INTERRUPTING the program gracefully

If you want to stop the program AND have it write out the results up to
the current point, you can do so with a Unix command like
  kill -s QUIT processID
where 'processID' is the process identifier number (pid) for the 3dQwarp
program you want to terminate. A command like
  ps aux | grep 3dQwarp
will give you a list of all your processes with the string '3dQwarp' in
the command line. For example, at the moment I wrote this text, I would
get the response
 rwcox 62873 693.8 2.3 3274496 755284 p2 RN+ 12:36PM 380:25.26 3dQwarp -prefix ...
 rwcox  6421   0.0 0.0 2423356    184 p0 R+   1:33PM   0:00.00 grep 3dQwarp
 rwcox  6418   0.0 0.0 2563664   7344 p4 S+   1:31PM   0:00.15 vi 3dQwarp.c
so the processID for the actual run of 3dQwarp was 62873.
(Also, you can see that Zhark is a 'vi' acolyte, not an 'emacs' heretic.)

The program will 'notice' the QUIT signal at the end of the optimization
of the next patch, so it may be a moment or two before it actually saves
the output dataset(s) and exits.

Of course, if you just want to kill the process in a brute force way, with
nothing left behind to examine, then 'kill processID' will work.

Using 'kill -s QUIT' combined with '-allsave' might be useful in some
circumstances.
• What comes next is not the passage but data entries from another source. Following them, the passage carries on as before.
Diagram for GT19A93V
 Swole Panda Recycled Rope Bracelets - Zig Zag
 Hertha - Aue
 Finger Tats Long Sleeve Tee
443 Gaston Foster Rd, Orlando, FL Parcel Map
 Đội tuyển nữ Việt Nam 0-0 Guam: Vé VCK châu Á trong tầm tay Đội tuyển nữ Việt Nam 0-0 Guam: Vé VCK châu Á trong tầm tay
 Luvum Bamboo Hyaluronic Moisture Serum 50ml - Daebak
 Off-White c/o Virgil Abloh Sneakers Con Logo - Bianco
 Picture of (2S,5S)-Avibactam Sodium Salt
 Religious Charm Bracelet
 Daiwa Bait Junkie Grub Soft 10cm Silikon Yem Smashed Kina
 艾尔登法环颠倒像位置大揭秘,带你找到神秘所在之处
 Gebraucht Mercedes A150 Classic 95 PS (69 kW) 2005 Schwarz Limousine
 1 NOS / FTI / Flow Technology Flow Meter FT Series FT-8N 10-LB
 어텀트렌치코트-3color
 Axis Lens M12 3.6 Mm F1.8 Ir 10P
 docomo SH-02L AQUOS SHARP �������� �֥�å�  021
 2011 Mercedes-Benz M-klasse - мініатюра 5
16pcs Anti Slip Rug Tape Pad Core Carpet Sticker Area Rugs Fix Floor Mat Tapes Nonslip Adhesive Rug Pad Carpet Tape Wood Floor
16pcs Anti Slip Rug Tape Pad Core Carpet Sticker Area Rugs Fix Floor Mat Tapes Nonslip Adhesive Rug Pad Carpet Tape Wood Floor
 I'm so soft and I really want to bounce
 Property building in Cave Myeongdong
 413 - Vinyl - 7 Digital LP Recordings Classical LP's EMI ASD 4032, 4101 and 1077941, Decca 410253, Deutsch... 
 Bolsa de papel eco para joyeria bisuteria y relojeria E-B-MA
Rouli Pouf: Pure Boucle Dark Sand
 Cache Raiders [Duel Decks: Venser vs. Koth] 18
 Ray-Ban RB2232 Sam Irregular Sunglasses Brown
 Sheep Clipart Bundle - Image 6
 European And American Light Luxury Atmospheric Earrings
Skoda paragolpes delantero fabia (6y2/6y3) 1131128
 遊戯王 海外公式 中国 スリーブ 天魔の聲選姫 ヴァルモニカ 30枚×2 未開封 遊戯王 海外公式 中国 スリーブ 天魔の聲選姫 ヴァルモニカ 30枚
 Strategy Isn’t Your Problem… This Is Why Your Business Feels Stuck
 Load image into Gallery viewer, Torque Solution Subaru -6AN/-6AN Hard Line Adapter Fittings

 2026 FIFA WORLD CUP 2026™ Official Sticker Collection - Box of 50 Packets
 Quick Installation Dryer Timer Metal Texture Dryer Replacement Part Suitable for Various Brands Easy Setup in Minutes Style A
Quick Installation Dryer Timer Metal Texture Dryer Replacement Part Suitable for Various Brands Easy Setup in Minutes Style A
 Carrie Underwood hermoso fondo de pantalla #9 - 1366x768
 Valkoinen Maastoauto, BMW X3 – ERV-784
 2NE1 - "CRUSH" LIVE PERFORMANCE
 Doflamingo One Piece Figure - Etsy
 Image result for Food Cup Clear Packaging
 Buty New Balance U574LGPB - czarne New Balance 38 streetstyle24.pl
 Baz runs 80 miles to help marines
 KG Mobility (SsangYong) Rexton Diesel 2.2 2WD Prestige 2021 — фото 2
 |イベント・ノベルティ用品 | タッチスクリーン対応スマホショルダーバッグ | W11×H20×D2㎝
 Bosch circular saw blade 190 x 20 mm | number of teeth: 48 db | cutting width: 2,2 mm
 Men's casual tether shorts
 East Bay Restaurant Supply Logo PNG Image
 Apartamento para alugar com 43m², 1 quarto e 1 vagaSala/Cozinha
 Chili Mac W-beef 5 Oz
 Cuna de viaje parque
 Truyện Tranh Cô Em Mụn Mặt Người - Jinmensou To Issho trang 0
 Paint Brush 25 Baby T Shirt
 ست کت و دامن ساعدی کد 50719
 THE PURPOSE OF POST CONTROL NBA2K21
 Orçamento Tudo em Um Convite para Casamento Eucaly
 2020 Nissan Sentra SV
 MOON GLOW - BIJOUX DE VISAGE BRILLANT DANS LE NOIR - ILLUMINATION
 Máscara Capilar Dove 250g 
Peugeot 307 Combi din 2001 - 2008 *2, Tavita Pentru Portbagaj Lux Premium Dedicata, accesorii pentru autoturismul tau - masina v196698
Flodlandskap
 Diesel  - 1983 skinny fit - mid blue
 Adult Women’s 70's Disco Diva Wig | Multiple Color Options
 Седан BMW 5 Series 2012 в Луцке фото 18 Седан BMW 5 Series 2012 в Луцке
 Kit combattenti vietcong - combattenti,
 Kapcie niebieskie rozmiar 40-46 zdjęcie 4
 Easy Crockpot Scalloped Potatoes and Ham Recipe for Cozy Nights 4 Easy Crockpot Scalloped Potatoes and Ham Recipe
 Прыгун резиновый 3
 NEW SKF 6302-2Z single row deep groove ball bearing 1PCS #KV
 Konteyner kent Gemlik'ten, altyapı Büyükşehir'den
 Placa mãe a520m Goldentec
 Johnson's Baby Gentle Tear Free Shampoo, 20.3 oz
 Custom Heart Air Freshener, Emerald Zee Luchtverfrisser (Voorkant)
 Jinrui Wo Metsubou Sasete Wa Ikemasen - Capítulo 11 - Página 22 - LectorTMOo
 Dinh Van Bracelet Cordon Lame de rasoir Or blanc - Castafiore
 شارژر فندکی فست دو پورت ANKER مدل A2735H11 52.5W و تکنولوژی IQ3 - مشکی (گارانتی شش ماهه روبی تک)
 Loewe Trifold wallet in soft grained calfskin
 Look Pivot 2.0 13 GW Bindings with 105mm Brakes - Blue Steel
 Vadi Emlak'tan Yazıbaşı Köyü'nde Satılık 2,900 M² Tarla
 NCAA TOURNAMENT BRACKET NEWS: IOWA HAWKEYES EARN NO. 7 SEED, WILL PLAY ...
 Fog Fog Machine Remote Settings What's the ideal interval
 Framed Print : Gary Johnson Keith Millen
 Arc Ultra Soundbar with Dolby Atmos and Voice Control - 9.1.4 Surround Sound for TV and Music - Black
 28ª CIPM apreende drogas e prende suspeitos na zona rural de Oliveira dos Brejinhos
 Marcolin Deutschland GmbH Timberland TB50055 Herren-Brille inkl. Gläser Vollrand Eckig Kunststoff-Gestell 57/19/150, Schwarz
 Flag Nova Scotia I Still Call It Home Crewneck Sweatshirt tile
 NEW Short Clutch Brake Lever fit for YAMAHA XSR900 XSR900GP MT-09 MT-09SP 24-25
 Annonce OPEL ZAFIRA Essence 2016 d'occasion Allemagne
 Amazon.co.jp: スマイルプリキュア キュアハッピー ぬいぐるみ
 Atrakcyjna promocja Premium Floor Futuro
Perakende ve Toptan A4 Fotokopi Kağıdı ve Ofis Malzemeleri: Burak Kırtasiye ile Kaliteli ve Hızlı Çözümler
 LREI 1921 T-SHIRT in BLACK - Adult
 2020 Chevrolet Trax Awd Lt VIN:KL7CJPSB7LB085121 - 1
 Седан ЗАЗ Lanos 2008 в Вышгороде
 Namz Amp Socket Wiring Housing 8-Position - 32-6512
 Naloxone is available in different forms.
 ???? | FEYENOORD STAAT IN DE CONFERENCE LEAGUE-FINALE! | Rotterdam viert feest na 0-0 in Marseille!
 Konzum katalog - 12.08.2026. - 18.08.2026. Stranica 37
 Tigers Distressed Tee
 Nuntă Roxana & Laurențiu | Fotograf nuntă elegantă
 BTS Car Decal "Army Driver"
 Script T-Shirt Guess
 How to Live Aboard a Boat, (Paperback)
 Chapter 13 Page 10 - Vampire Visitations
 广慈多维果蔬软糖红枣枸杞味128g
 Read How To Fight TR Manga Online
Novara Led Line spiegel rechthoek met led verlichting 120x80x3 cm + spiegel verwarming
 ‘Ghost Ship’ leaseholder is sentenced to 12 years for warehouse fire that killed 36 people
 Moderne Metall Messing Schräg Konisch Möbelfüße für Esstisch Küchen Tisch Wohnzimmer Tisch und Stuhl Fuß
At least to get some idea of what happened before you
were forced to stop 3dQwarp.

CLARIFICATION about the very confusing forward and inverse warp issue

An AFNI nonlinear warp dataset stores the displacements (in DICOM mm) from
the base dataset grid to the source dataset grid. For computing the source
dataset warped to the base dataset grid, these displacements are needed,
so that for each grid point in the output (warped) dataset, the corresponding
location in the source dataset can be found, and then the value of the source
at that point can be computed (interpolated).

That is, this forward warp is good for finding where a given point in the
base dataset maps to in the source dataset. However, for finding where a
given point in the source dataset maps to in the base dataset, the inverse
warp is needed. Or, if you wish to warp the base dataset to 'look like' the
source dataset, then you use 3dNwarpApply with the input warp being the
inverse warp from 3dQwarp.

STORAGE of 3D warps in AFNI

AFNI stores a 3D warp as a 3-volume dataset (NiFTI or AFNI format), with the
voxel values being the displacements in mm (32-bit floats) needed to
'reach out' and bring (interpolate) another dataset into alignment -- that is,
'pulling it back' to the grid defined in the warp dataset header. Thus, the
identity warp is all zero. These 3 volumes I refer to as ‘xd’, ‘yd’, and ‘zd’
in the internal comments, and they store (delta-x,delta-y,delta-z)
respectively (duh).

There is no provision in the warping software for 2D-only warps; that is,
warping one 2D image to another will still result in a 3D warp, with the zd
brick being chock full of zeros. This happenstance rarely occurs, since Zhark
believes he is the only person who actually has run the AFNI warping program
on 2D images.

In AFNI, (xd,yd,zd) are stored internally in DICOM order, in which +x=Left,
+y=Posterior, +z=Superior (LPS+); thus, DICOM x and y are sign-reversed from
the customary 'neuroscience order' RAS+. Note that the warp dataset grid need
not be stored in this same DICOM (x,y,z) order, which is sometimes confusing.
In the template datasets to which we nonlinearly warp data, we always use
DICOM order for the grids, so in practice warps generated in AFNI are usually
also physically ordered in the DICOM way -- but of course, someone can run our
warping software any which way they like and so get a warp dataset whose grid
order is not DICOM. But the (xd,yd,zd) entries will be in DICOM order.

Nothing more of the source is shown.